It is imperative that every child of God should know the fundamental principles of Christian service. One could mention many portions of the Word of God to show these principles of service, but for practical purposes and an illustration of highest magnitude we shall consider the prophet in 1 Kings 18. In this passage we are introduced to Elijah the Tishbite, who, while engaged in the work of the Most High, manifested in a very spectacular manner both spiritual power and humility. Let us consider these spiritual qualifications as they are seen in the prophet.
The Power of Elijah:
Retrogression like a canker had set in throughout all Israel. The king, Ahab, had repudiated the commandments of the Lord (v. 18). He had also adopted and was perpetrating the prefidious doctrine of Baal. Elijah saw the nation halting between two opinions (v. 21), so, at the risk of his own life, he called the king, the people, and the prophets of Baal, to a contest on Mount Carmel, in order that once and for all it might be fully demonstrated “The Lord He is God” (V. 39).

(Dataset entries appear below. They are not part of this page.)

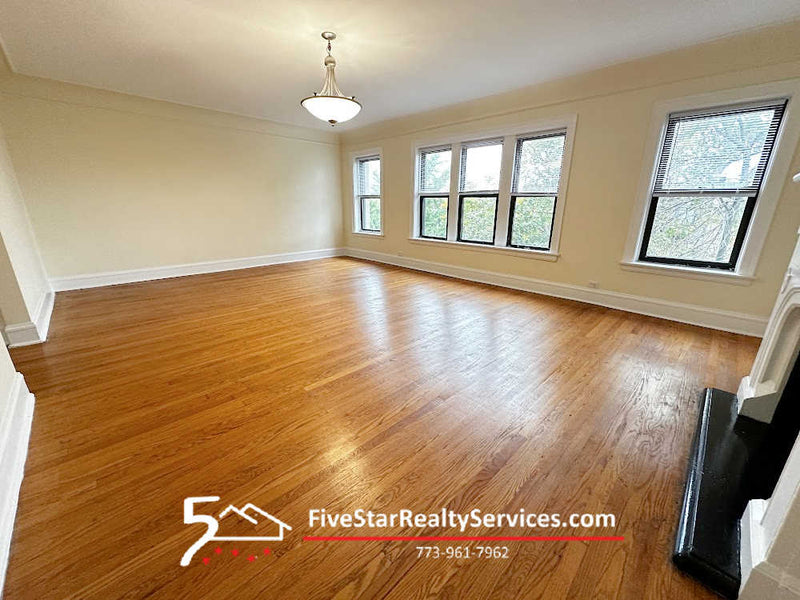 3 Bed 2 Bath  |  6127 N Francisco #3  |  Peterson Park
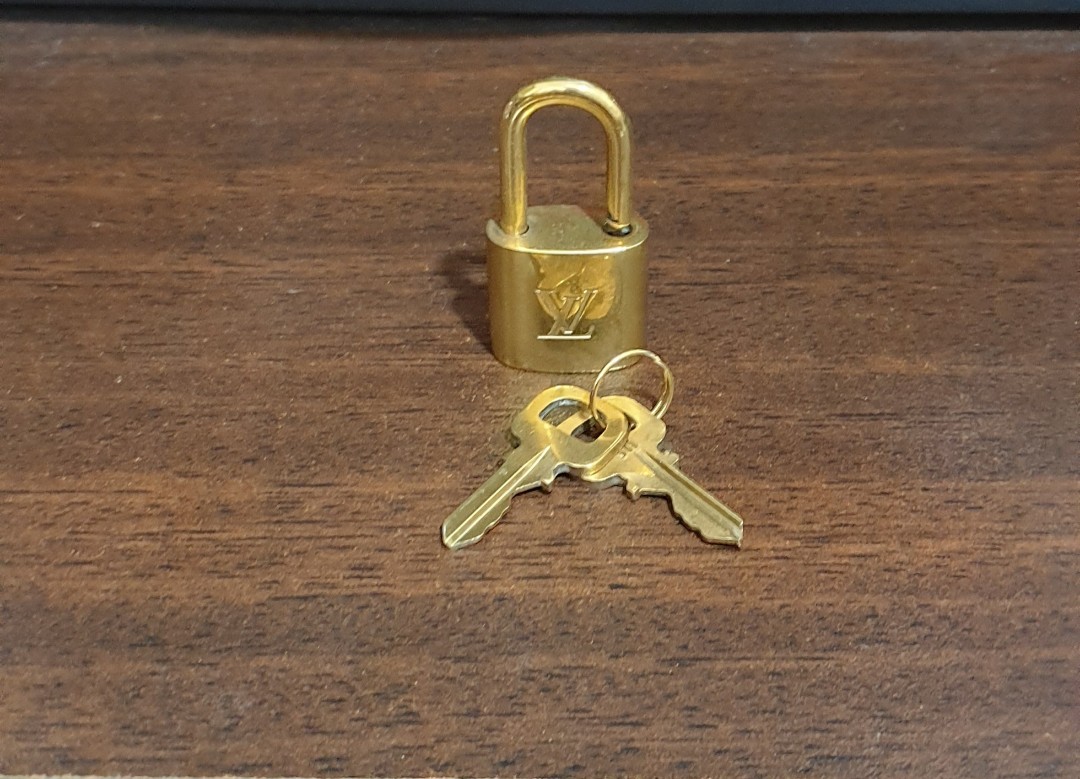 Louis Vuitton, Accessories, Euc Authentic Louis Vuitton Single Brass Lock  Key 34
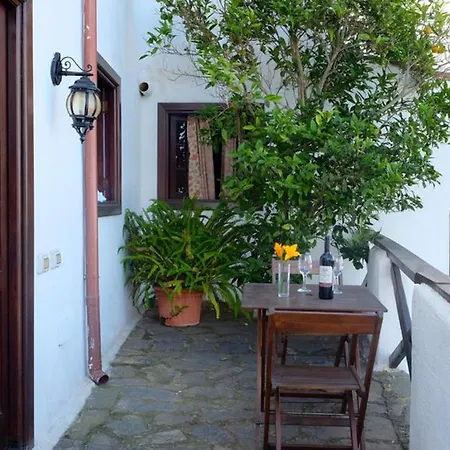 Apartamento Charming In Santa Cruz, 70 M² With Terrace *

The contest was staged and the prophets of Baal were definitely and shamefully defeated. This resulted in a tremendous humiliation of the king in the eyes of Israel. Elijah the man of power won the day for his God, and was the means of turning this indecisive people from a wavering policy to a fixed purpose, for they unitedly and triumphantly acclaimed “The Lord, He is God” (v. 39).
The Humility of Elijah:
Without a doubt the defeat and the destruction of the prophets of Baal caused the people to recognize Elijah as a man of power. They also saw the shame and the confusion of their idolatrous king, and in their minds they naturally would question his lordship and authority. Elijah, with high hopes that the king would foresake his idols and his wickedness, and honour the only true God, immediately sought to restore governmental power into the hands of Ahab, and to place him again in the position of absolute monarch. This he endeavoured to accomplish by doing the humble and menial act of running as a courier before the king from Mount Carmel to the entrance of Jezreel.
In the East this was an ancient custom and it was invariably done by a man of inferior station. He was employed in this capacity to announce the approach of the royal chariot. When we consider the age, character, and office of Elijah, it would appear to be an extraordinary and almost ludicrous undertaking. Nevertheless, Elijah, the man of power, became the man of humility so that the king might regain authority over his people.
For approximately 12 miles this aged veteran with his loins girded ran before the king. What an effect this must have had upon Israel! Under ordinary circumstances this would have been impossible owing to Elijah’s years, but he was strengthened for the occasion like every servant of Jehovah because the hand of the Lord was upon him.
Surely this narrative, illustrates that divine service demands men and women of power and of humility who are willing to jeopardize their lives in order that godliness and liberty prevail.